Abstract

The article examines the situation of the farmsteads of the four Eastern Patriarchates in post-revolutionary Moscow. Special attention is paid to the struggle of the official representatives of the Patriarchates of Constantinople and Jerusalem for their Moscow apartment houses reflected in correspondence with various Soviet authorities. Responding to the attempts motivated by the decrees of the Soviet authorities to nationalize the households of the farmsteads, their abbots used a wide range of arguments, up to the declared concern for the Middle Eastern proletariat. At first they tried to justify the inviolability of their property by the charitable nature of the use of the income received from it, then they shifted the emphasis to the secularism of the institutions they represent (the Patriarchates of Constantinople and Jerusalem) and, finally, they began to assert the impossibility of nationalizing what, in their opinion, has already been nationalized by the Greek nation.

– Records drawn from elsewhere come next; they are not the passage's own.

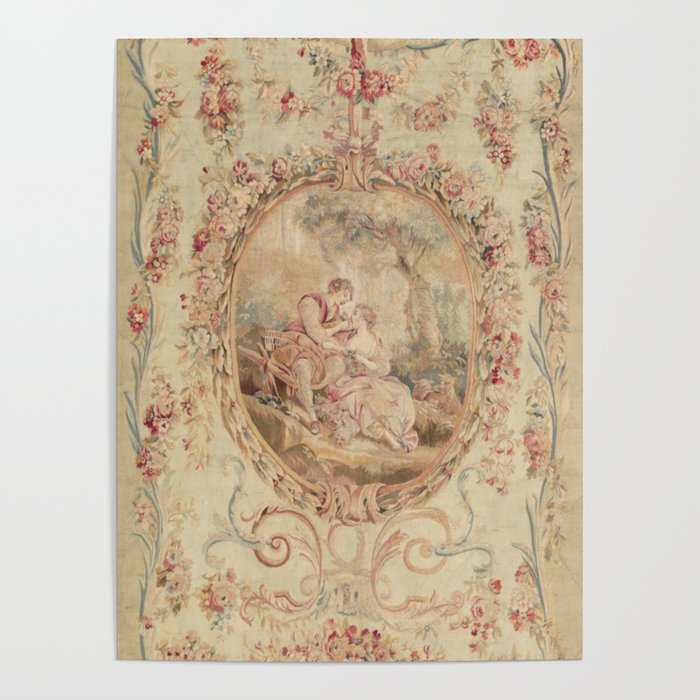 Antique 18th Century Louis XV Romantic Lovers French Beauvais Tapestry Poster Gallery Image 1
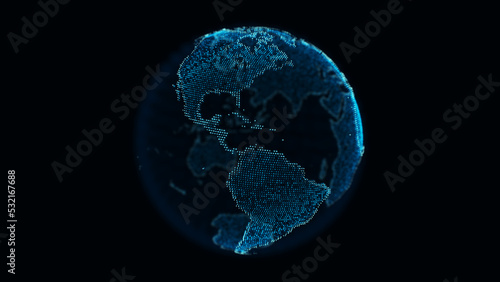 Digital dotted planet earth isolated on a black background fit for layer compositing. Stylized world globe with glowing particle dots. Big data technology, communication, digital concept. 3D render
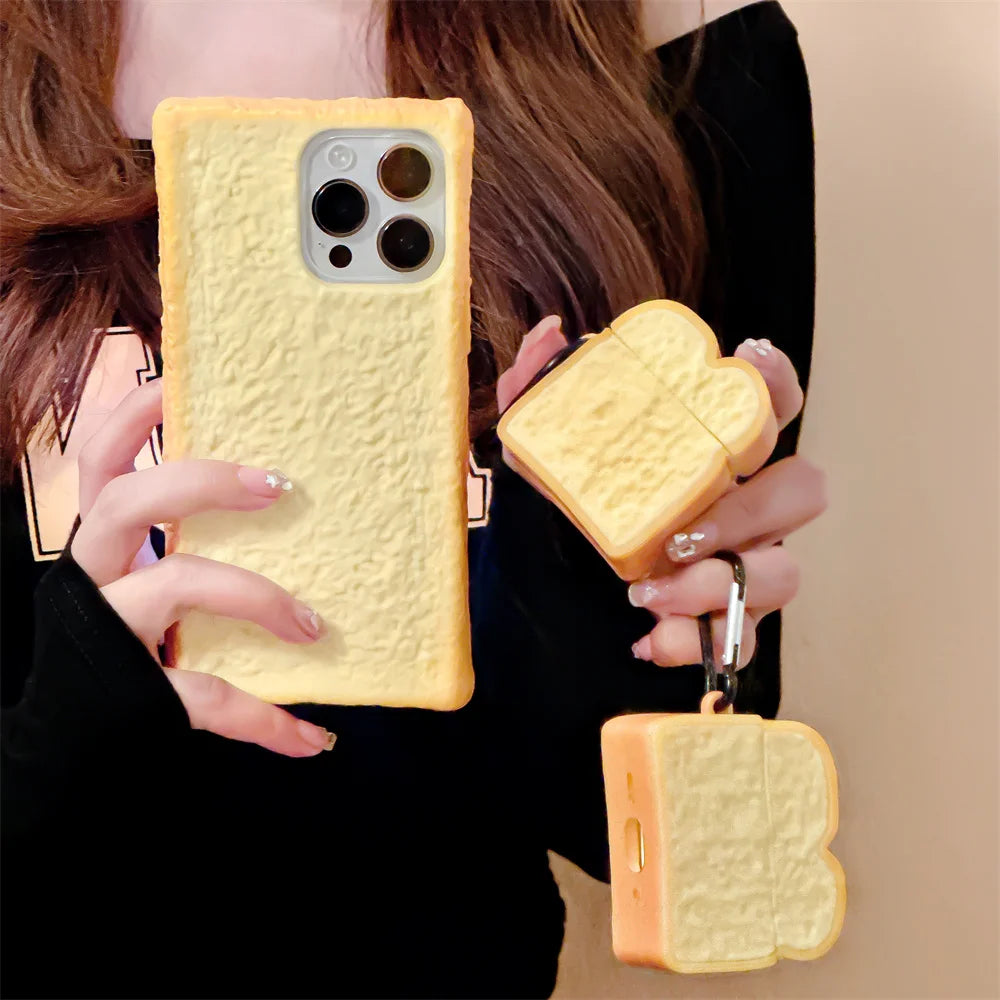 Realistic 3D Toast Silicone Phone Case For iPhone 16 15 14 13 12 11 Pro Max 6 7 8 Plus X Xs Max SE Funny Shockproof Cover - Ice Cream Cake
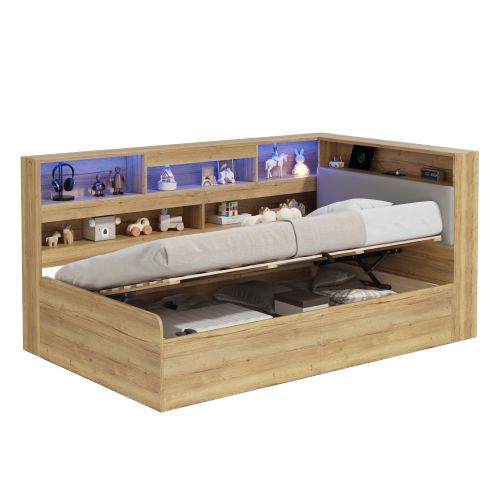 Lit 90x200cm-lit De Jour Coffre Hydraulique-usb/led-coloris Naturel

The fluctuations of representatives of various Soviet bodies, to which the abbots of Greek farmsteads, including the Moscow Soviet and the NKID of the RSFSR, applied with their petitions, are shown. In fact, the end of the question was put at the beginning of 1919 by the chairman of the VIII Liquidation Department of the NKYU, P.A. Krasikov, who had no doubt what policy regarding religious organizations should be carried out in Soviet Russia (a policy ensuring their complete early liquidation). The seizure of apartment buildings foreshadowed the subsequent termination of the activities of the Moscow farmsteads of the Eastern Patriarchates, although attempts were made to revive it until the second half of the 1920s, and Constantinople - even until the second half of the 1930s.